▶ [SOURCE DATA]:
####
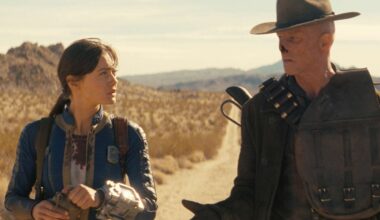 Does The Ghoul Find His Family?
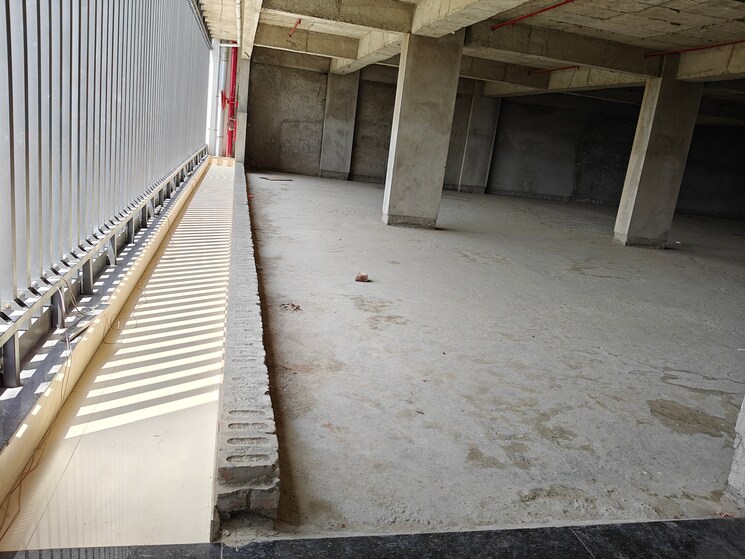 Floor Plan, new-aster-plaza Commercial Showroom 5074 Sq.Ft. In International Airport Road Zirakpur 8932201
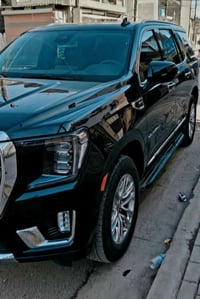 جمسي 2024 وكالة المنصور SLT  ماشيه 17الف  السعر/ 540 مواصفات محرك V8 د...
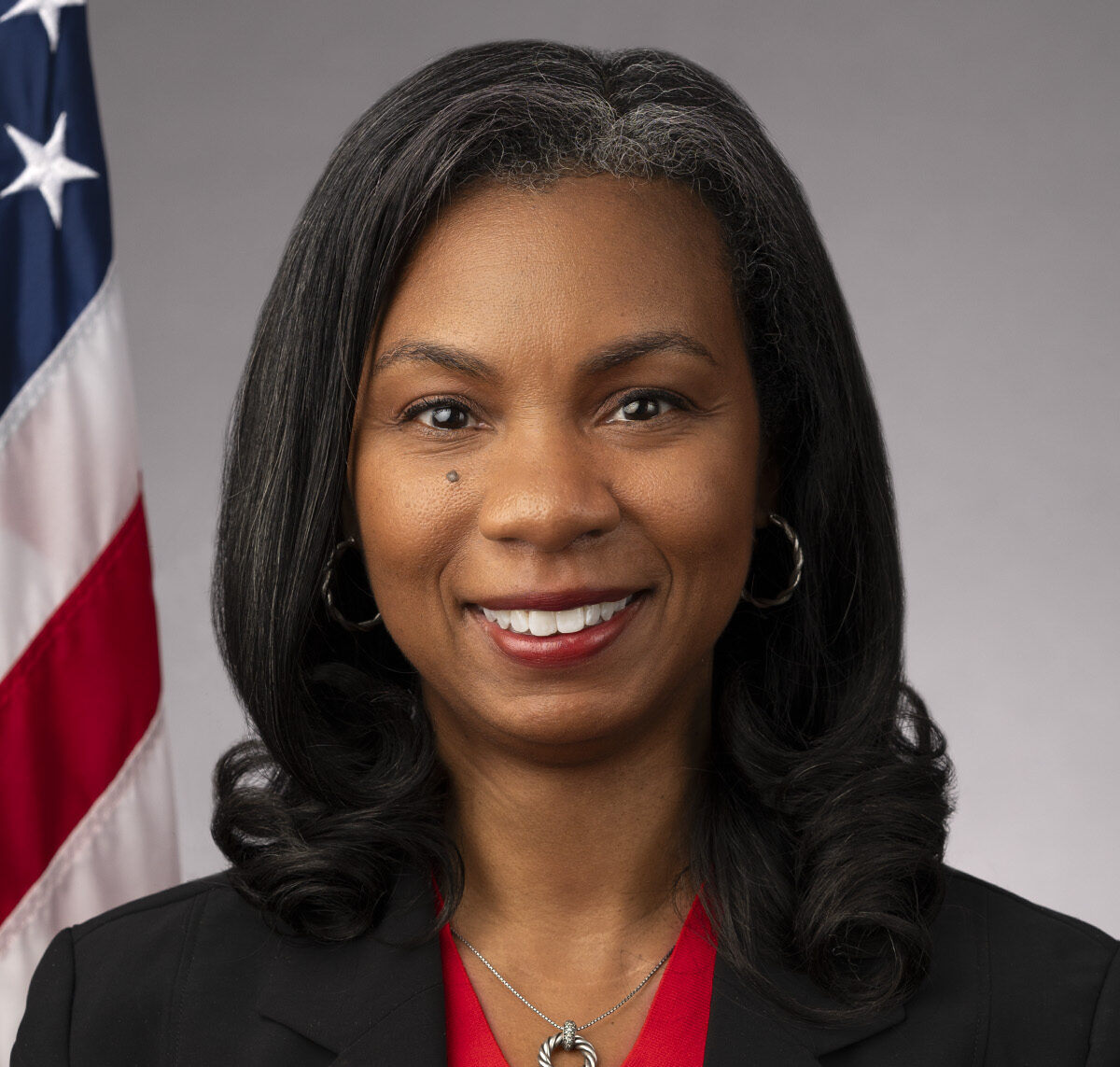 Photo of Erica William, provided by the speaker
####
▶ [EXERCISE]:
Restate all of the material word for word, leaving every picture out.

▶ [RESULT OF THE TASK]:
 Does The Ghoul Find His Family?
 Floor Plan, new-aster-plaza Commercial Showroom 5074 Sq.Ft. In International Airport Road Zirakpur 8932201
 جمسي 2024 وكالة المنصور SLT  ماشيه 17الف  السعر/ 540 مواصفات محرك V8 د...
 Photo of Erica William, provided by the speaker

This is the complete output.